Bluefish are a familiar and popular favorite of saltwater anglers all along the Atlantic coast. In fact, more bluefish are generally harvested by recreational anglers each year than are harvested by commercial fishermen. Bluefish are voracious feeders that travel in large groups or schools. The feeding frenzy of a school of bluefish is a phenomenon that has no parallel in the marine world.

Juvenile or young bluefish that are only 4-6 months old are commonly called "snappers". Snappers often provide a great shoreside fishing experience for kids in the late summer months. Snappers are great for pan frying. These young bluefish have milder tasting and lighter colored fillets than their older and larger relatives.

"Cocktail Blues" are intermediate size bluefish, generally 2 to 3 years old, weighing up to 3 pounds and averaging 18 to 21 inches long. 'Cocktail Blues are the perfect combination of size and weight. Fillets are a good size for an adult meal and have a milder and sweeter taste than larger bluefish which have a darker color and stronger flavor. Cocktail Blues that are grilled, broiled or baked with mild seasonings or a marinade will turn those fish eaters whose only prior experience with bluefish has been with an 8 to 10 pounder into new "bluefish believers".

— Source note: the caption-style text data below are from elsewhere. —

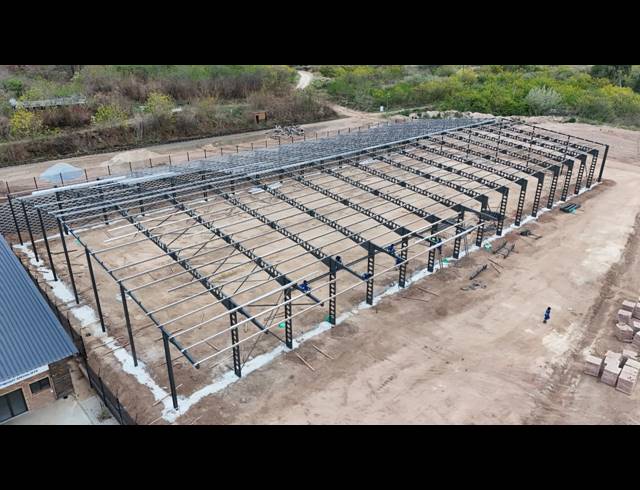 3,686M² WAREHOUSE TO LET IN RIVERSIDE PARK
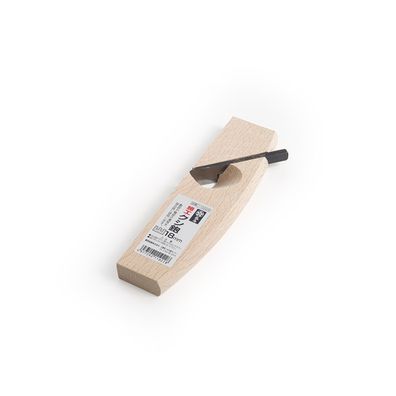 Japonský hoblík na drevo UMEBACHI RYUMA Mini na žliabky - 18 mm
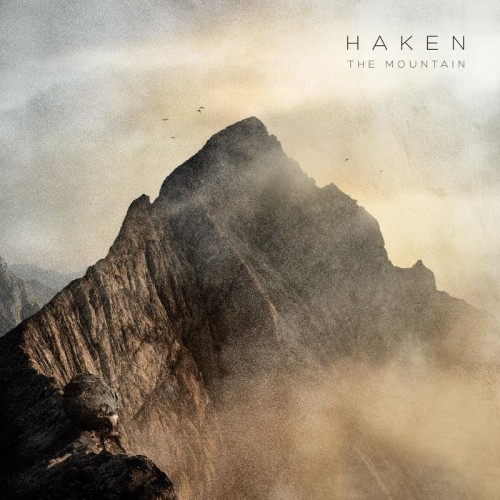 HAKEN - The Mountain cover 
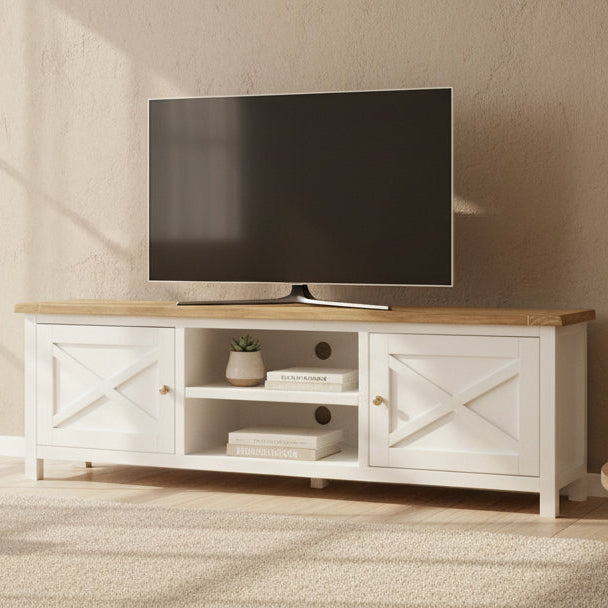 160cm Hamara Entertainment Unit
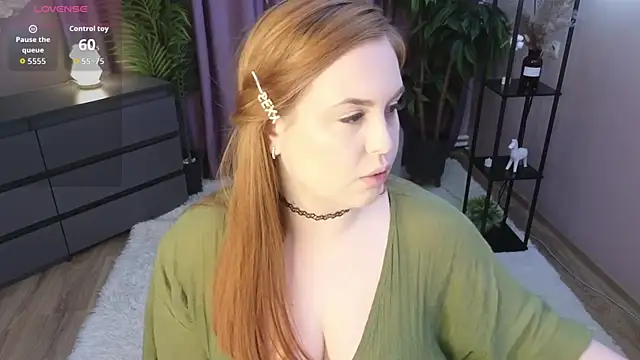 VanesaClark online show from 04.21.26
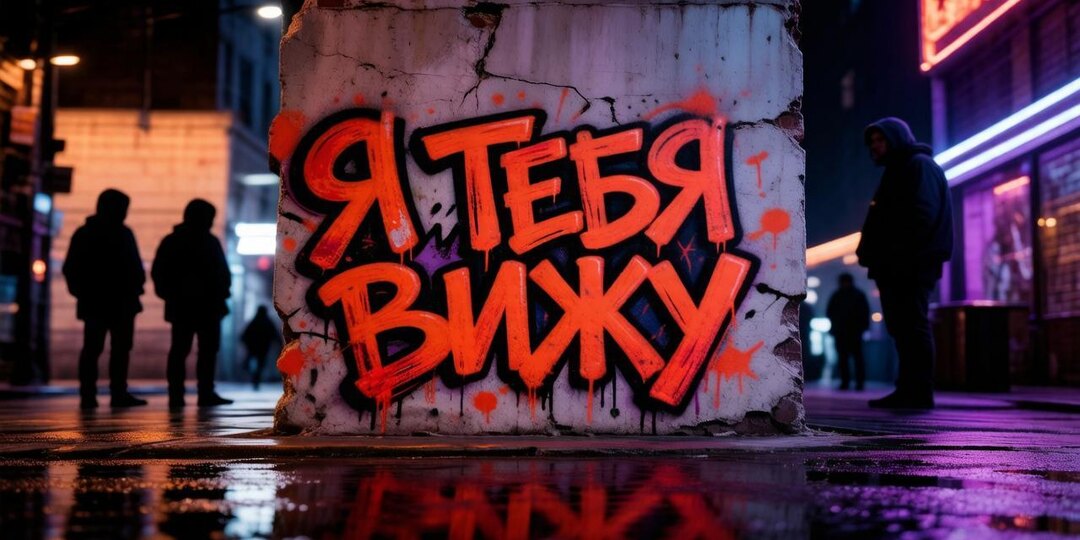 Ты думаешь, что скрываешь? Я тебя вижу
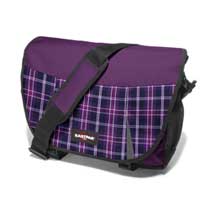 Eastpak Brainbox S C Purple Check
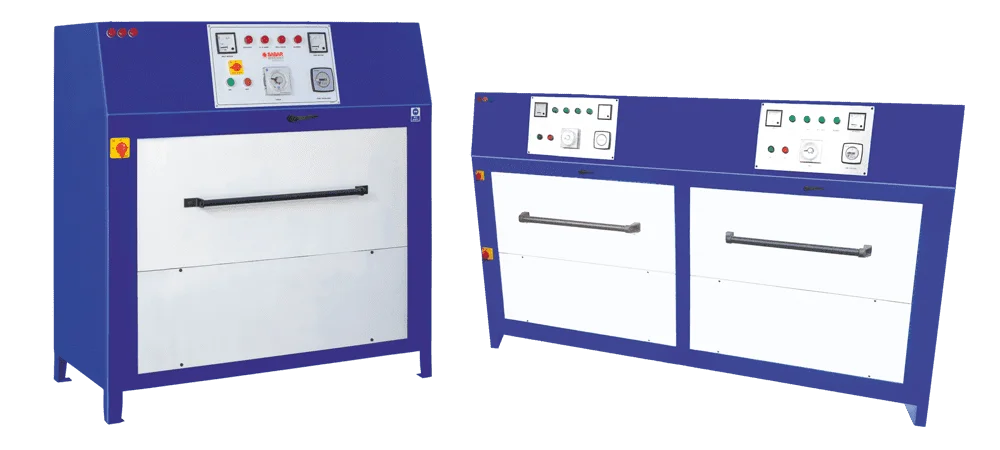 UV頂輥處理機（單室和雙室） - Cover Image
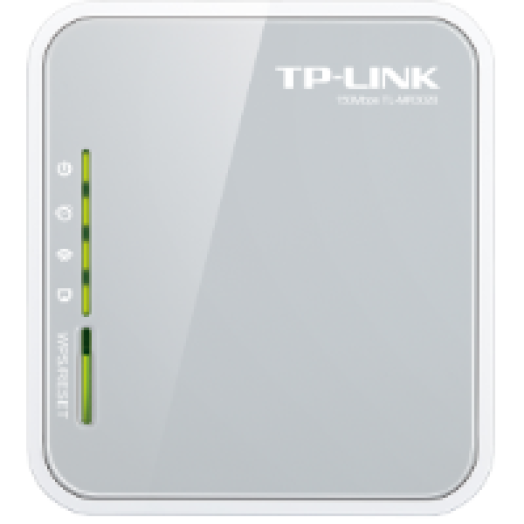 TL-MR3020 150Mbps 3G hordozható wireless router UMTS/HSPA/EVDO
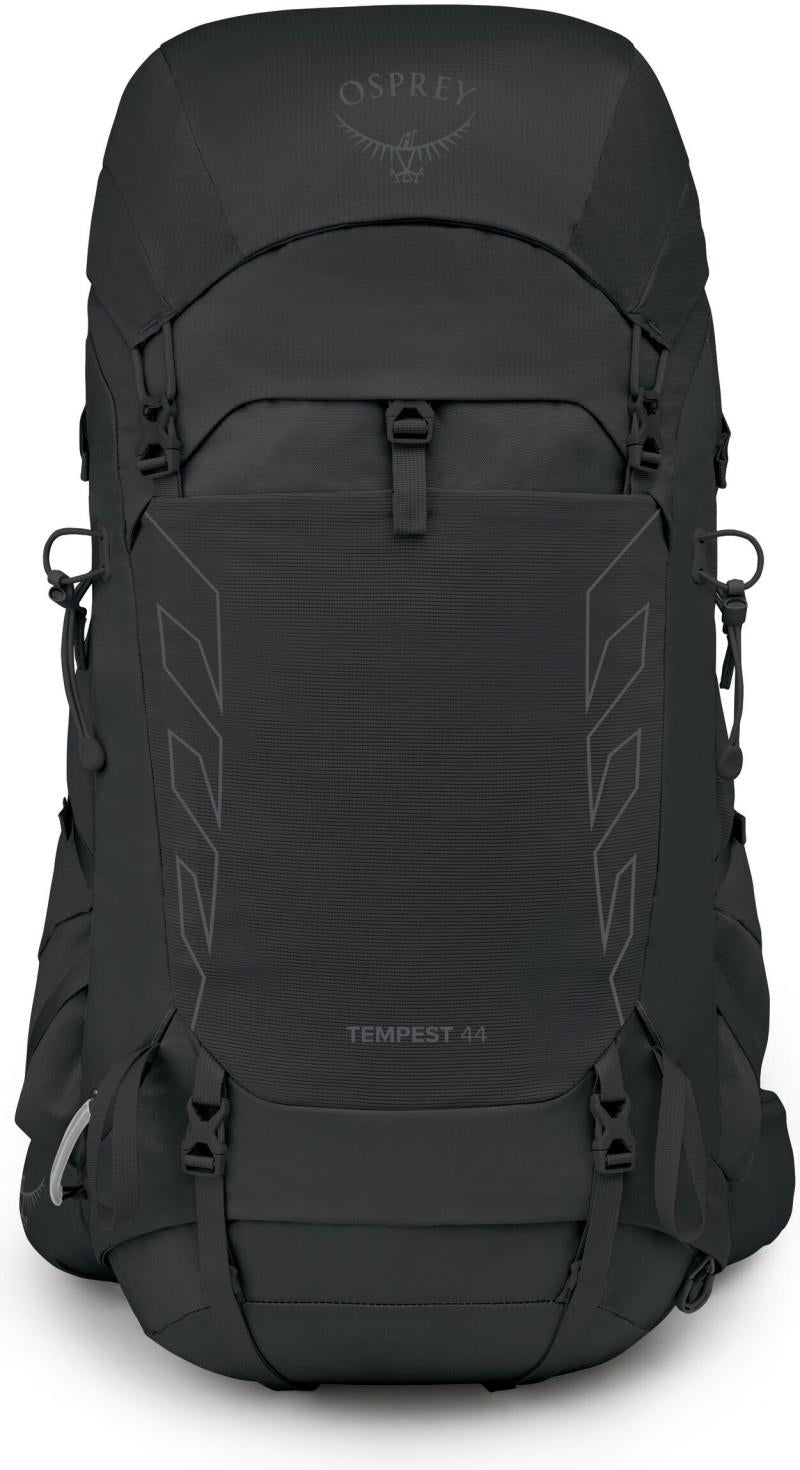 Tempest 44 - Womens - black / coal grey 1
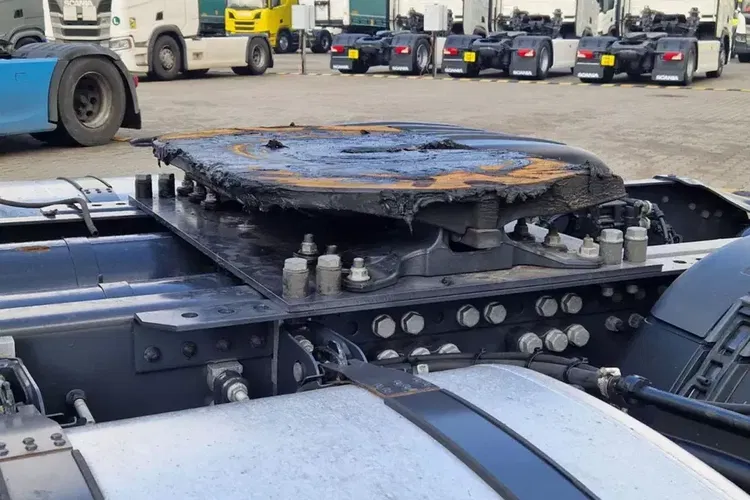 Scania R 500 A4x2LA zdjęcie 13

Larger bluefish from 6 to 10 pounds are a good size for baking whole with a pungent herb stuffing. Larger fillets are also great for baking and broiling in spicy tomato and herb based sauces. Anglers should be aware that large bluefish, have been shown to accumulate higher levels of chemical contaminants like PCBs. Current New York State Department of Health Sportfish consumption advisories recommend that bluefish consumption be limited to one meal (one-half pound) per week. Studies have shown that contaminants are stored in the fatty portions of the fish and levels can be reduced by removing the skin and the darker fatty layer under the skin and the strip of darker meat that runs along the center of the fillet.

Because of its higher fat content, bluefish should be handled with care to maintain quality. Bluefish should be thoroughly iced as soon as possible after they are caught and kept cold until they are eaten. Bluefish should be kept in the coldest part of the refrigerator or covered with ice in the refrigerator until they are prepared.

Bluefish are versatile and can be prepared in a variety of ways including pan frying, baking, broiling, and grilling. Because of their higher fat content additional oil or fat is generally not needed. Most recipes contain neutralizing acids in the form of cirtus fruits such as lemon or lime, vegetables like tomatoes or onions, and pungent herbs like rosemary and thyme.